Skip pictures in the listing below; copy exactly the lines from the one with "birçok eşya, mücevher" through the one with "Boohoo Black Knee-High Flat Boots", inclusive.

**Input for this task:**
============

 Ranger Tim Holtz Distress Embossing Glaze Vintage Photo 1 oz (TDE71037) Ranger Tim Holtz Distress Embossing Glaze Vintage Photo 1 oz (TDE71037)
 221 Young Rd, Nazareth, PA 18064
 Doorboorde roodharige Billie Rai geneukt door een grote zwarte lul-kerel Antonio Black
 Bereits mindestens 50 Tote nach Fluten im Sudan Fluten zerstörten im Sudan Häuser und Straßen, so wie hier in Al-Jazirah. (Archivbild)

============

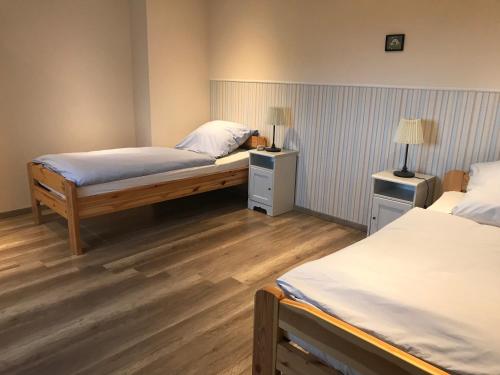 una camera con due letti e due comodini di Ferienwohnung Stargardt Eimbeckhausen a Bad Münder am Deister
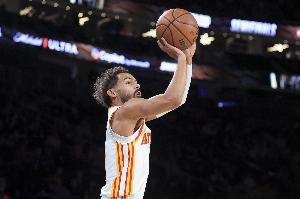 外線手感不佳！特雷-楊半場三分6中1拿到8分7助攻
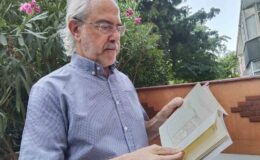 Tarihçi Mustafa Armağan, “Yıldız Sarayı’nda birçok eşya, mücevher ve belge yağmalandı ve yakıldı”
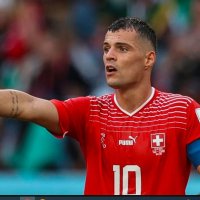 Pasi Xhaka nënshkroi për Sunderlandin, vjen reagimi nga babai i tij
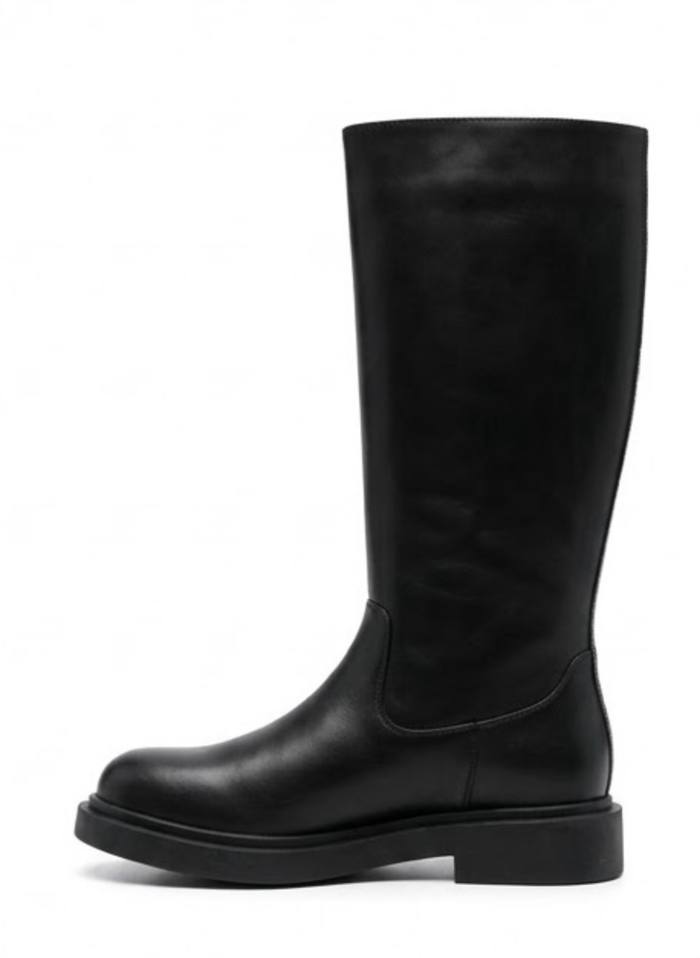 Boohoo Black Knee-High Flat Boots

============

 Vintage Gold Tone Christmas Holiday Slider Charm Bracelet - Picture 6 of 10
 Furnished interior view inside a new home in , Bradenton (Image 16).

============

**Task answer:**
 Tarihçi Mustafa Armağan, “Yıldız Sarayı’nda birçok eşya, mücevher ve belge yağmalandı ve yakıldı”
 Pasi Xhaka nënshkroi për Sunderlandin, vjen reagimi nga babai i tij
 Boohoo Black Knee-High Flat Boots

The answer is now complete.